**Input**

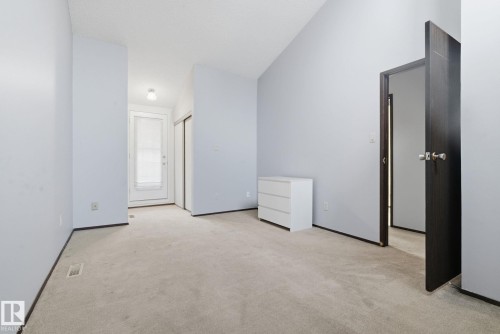 1 2020 105 Street, Edmonton, AB - Indoor Photo Showing Other Room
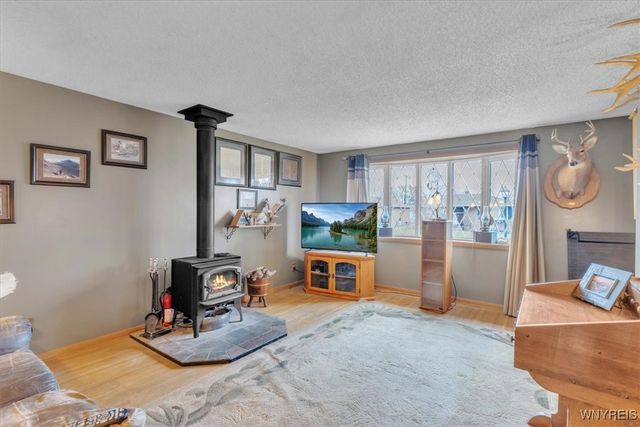 204 Diane Drive, Cheektowaga, NY 14225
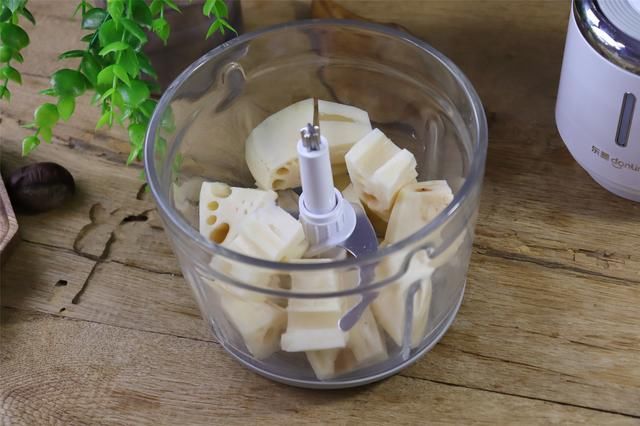  红枣|快立秋了，这食材该抓紧吃了，我家每年都要蒸几十次，清香软糯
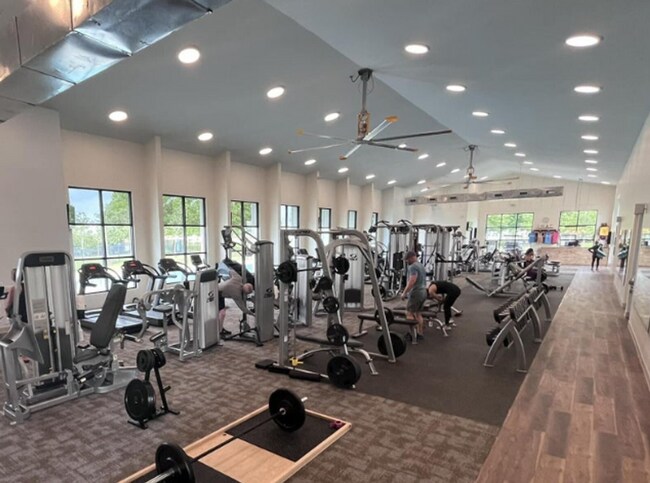 Building Photo - FOR RENT in SUGAR MILL POND!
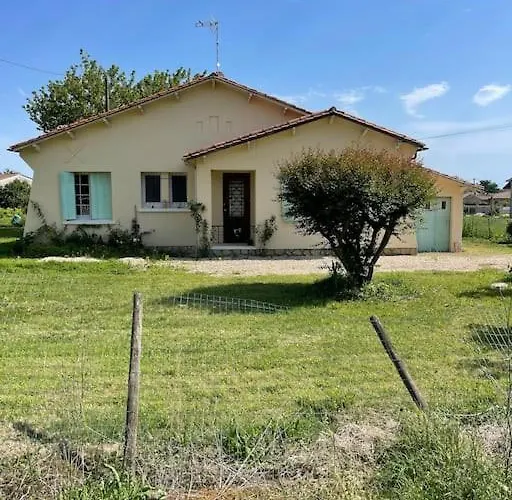 Semesterbostad Maison De A *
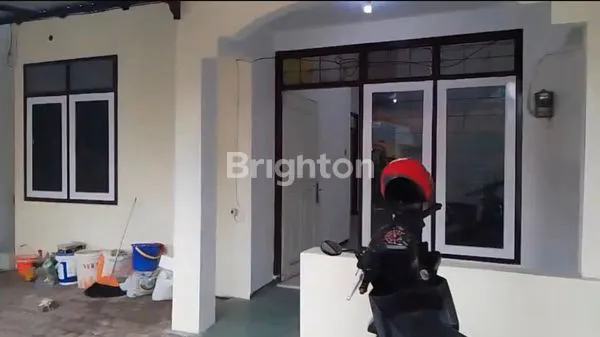 image RUMAH KLASIK 2 LANTAI AREA BLIMBING (2)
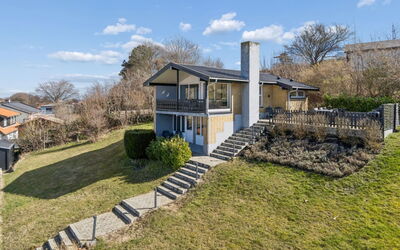Takenya - 400M from the Sea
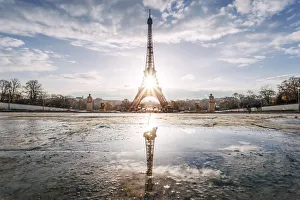 Ile De France Landscape Drucke: Tour Eiffel at sunrise reflected in pool, view from Trocadero terrace (Paris
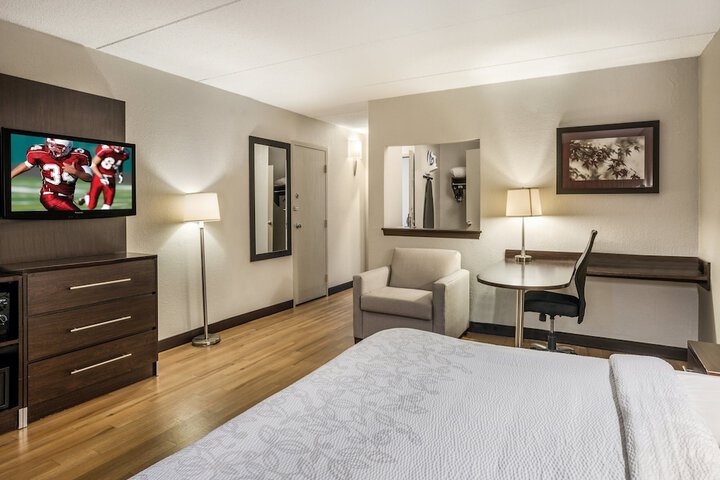 Premium King Bed (7 of 25)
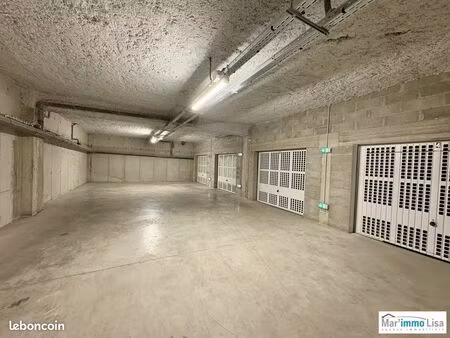 parking/box 18 m² puget
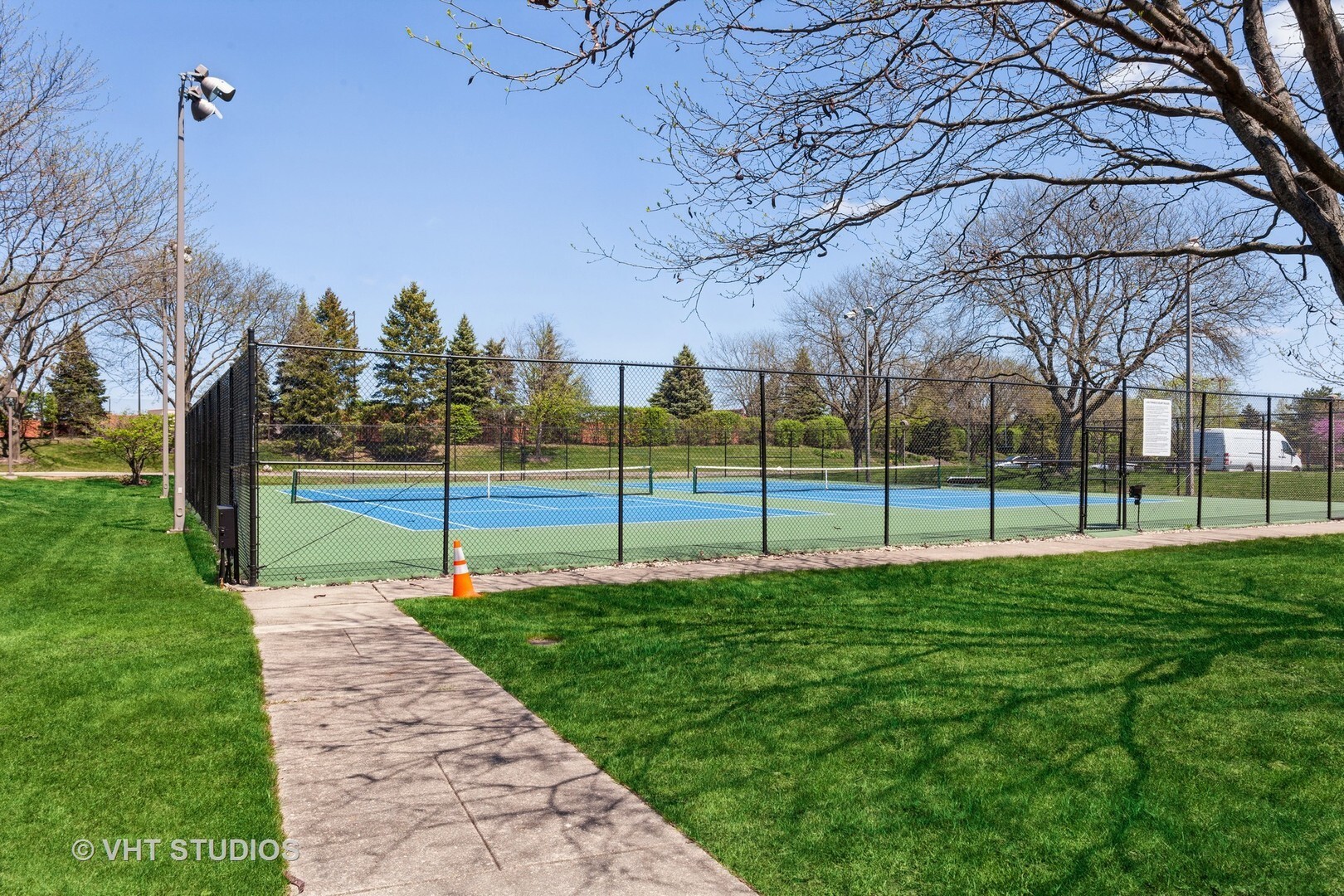 301 Lake Hinsdale Drive #311, Willowbrook, IL 60527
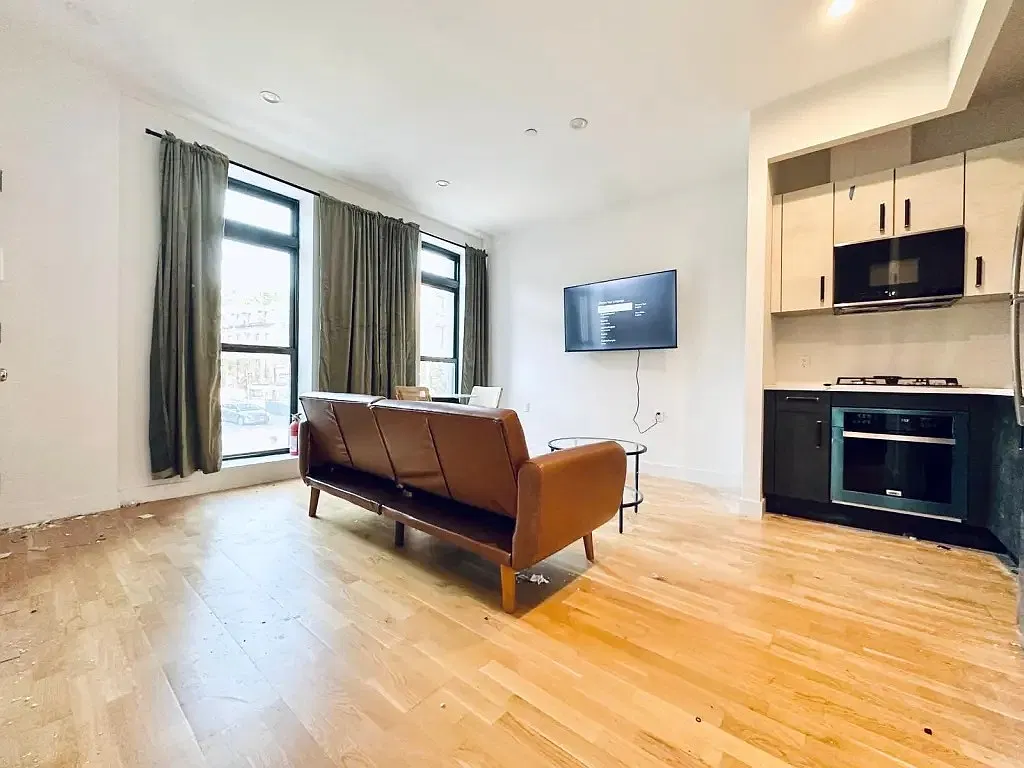 3 bed, 1.5 bath, 1000 sqft, $1,460 — Photo 4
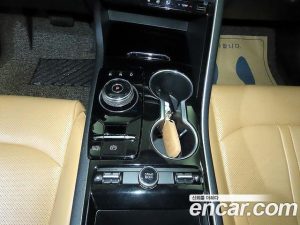 Kia K5 2021 года из Южной Кореи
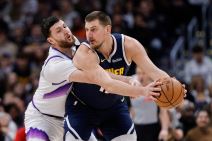 Nikola Jokić i Jusuf Nurkić u borbi za loptu.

**What you need to do**
Working from the line containing "3 bed, 1.5 bath, 1000 sqft, $1,460 — Photo 4" to the last line of the data, retype every line exactly, both ends included, and leave out all pictures.

**Solution to this exercise**
 3 bed, 1.5 bath, 1000 sqft, $1,460 — Photo 4
 Kia K5 2021 года из Южной Кореи
 Nikola Jokić i Jusuf Nurkić u borbi za loptu.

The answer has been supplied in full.